This article is written by Khushnum Motafram, pursuing a Diploma in M&A, Institutional Finance and Investment Laws (PE and VC transactions) from Lawsikho.com. Here she discusses “Can Foreign Companies Acquire Properties in India by way of Asset Sale?”.
In the modern era of cut-throat competition, it has become imperative for corporate houses to opt for one or the other mode of corporate restructuring in order to operate and expand in the market. Not only does it help in business expansion, but it also plays a major role in the diversification of risk. Corporate restructuring refers to a process of significantly changing a company’s business model, management team or financial structure to address various challenges and increase shareholders value. These corporate houses incline to the phenomenon of corporate restructuring for various reasons viz. reduction of risk, increase in operational efficiency, improved access to the financial market, tax benefits, synergy benefits, revival of the sick company etc.
Asset Sale is one of the modes of corporate restructuring. In general, asset sale means the itemized sale of assets of one company by the other company based on the individually assigned value to each of such asset. The asset sale is preferred by the majority of companies as it allows such companies to cherry-pick the assets and liabilities they want to transfer to their business. This form of corporate restructuring helps the companies to diversify their business in the desired direction without having to spend an extra bit for the entire load of the other company by allowing them to purchase only those assets and liabilities that would help them built a stronghold in their business sector. One major reason for the companies to opt for asset sale is to clean up their balance sheets encumbered with huge loans. An asset purchase is also known as price meal sale of the assets.
Given the benefits of corporate restructuring through an asset sale, not only are Indian companies involved in the asset sale transaction, but foreign companies are also showing a keen interest in acquiring immovable properties in India in order to establish their operations here to unfold and exploit the resources and huge potential which our country offers. However, such asset purchase and sale transactions in India by foreign companies are governed and regulated by the strict provisions made under the Foreign Exchange Management Act, 1999. It is only in compliance with the provisions laid down by the Foreign Exchange Management Act, 1999, when a foreign company can purchase and hold immovable properties in India.
RBI Master Directions
The Reserve Bank of India (“RBI”) is involved in all the cases where foreign entities are involved, be it, Non-resident Indian, Overseas Citizen of India or Person resident outside India. The Foreign Exchange Management Act, 1999, empowers RBI to frame regulations for prohibition, restriction or regulations of acquisition and transfer of immovable property in India by a person resident outside India. In terms of the aforementioned stated powers, RBI has laid down master directions (earlier known as master circulars) along with the notifications and circulars, time and again to regulate the transactions involving foreign currency in India.
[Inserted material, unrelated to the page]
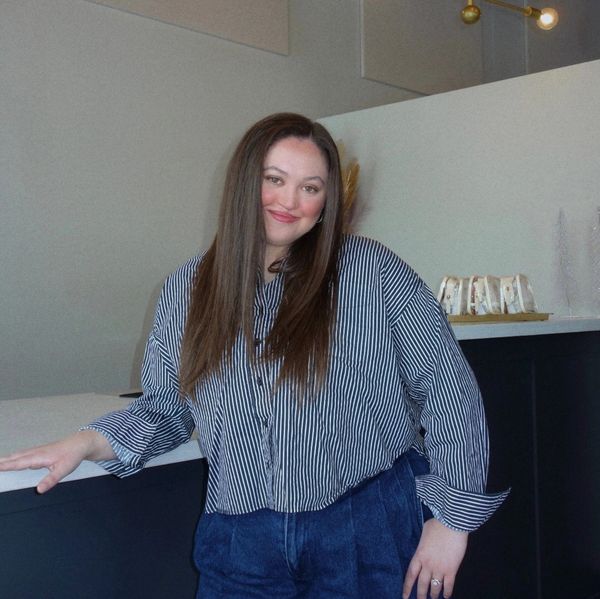 Woman smiling and leaning on a counter.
The regulations governing the acquisition and transfer of immovable property situated in India are governed under the following act, direction and notification:
- Section 6 of the Foreign Management Exchange Act, 1999 (“Act”);
- Master Direction – Acquisition and Transfer of Immovable Property under Foreign
Exchange Management Act, 1999 bearing no. RBI/FED/2015-16-7, FED Master Direction No. 12/2015-16 dated January 1, 2016 [last updated as on April 11, 2018] 9(“Master Direction”); and
- Notification bearing no. FEMA 21(R)/2018-RB dated March 26, 2018 (“Notification”).
Foreign Company – Person Resident outside India
As per Section 2(w) of the Act, person resident outside India means a person who is not resident in India.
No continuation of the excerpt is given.